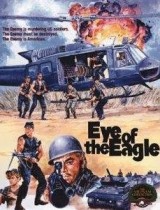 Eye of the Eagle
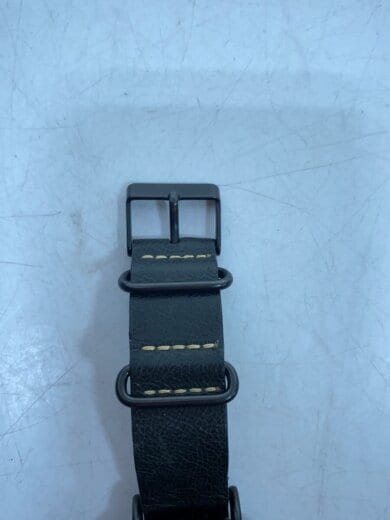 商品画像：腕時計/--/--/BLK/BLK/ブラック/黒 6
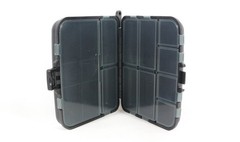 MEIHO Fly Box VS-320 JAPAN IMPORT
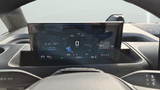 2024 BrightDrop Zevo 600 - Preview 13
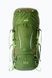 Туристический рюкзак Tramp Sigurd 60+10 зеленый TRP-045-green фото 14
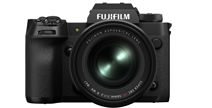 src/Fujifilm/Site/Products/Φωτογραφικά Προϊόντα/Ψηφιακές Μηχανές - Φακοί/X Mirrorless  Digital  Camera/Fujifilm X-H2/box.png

==

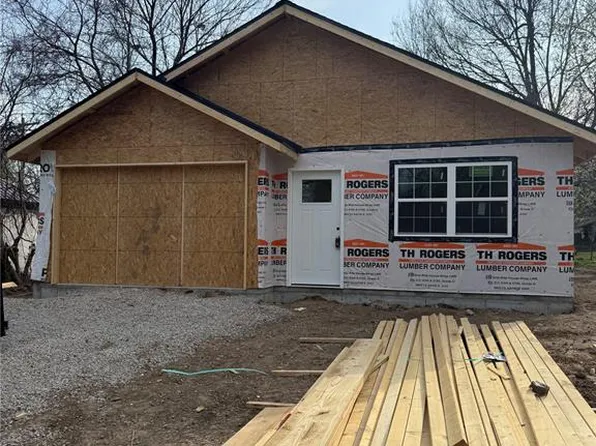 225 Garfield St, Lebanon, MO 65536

...

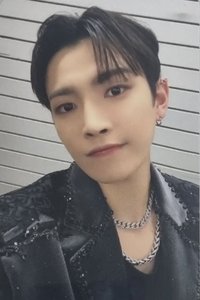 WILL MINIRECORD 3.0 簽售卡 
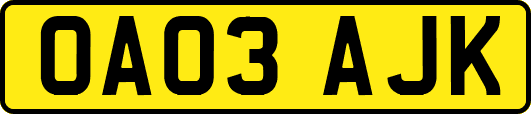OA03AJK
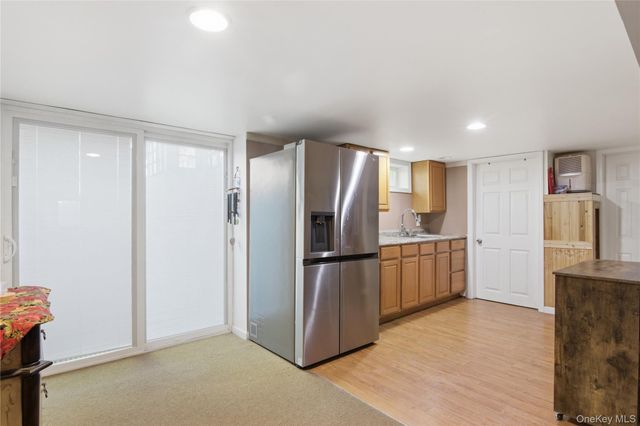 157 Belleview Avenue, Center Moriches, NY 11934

◆ **Problem statement**
Return the material from the line containing "Eye of the Eagle" through the line containing "Туристический рюкзак Tramp", exactly and in full, but without its pictures.

◆ **Task answer**
 Eye of the Eagle
 商品画像：腕時計/--/--/BLK/BLK/ブラック/黒 6
 MEIHO Fly Box VS-320 JAPAN IMPORT
 2024 BrightDrop Zevo 600 - Preview 13
 Туристический рюкзак Tramp Sigurd 60+10 зеленый TRP-045-green фото 14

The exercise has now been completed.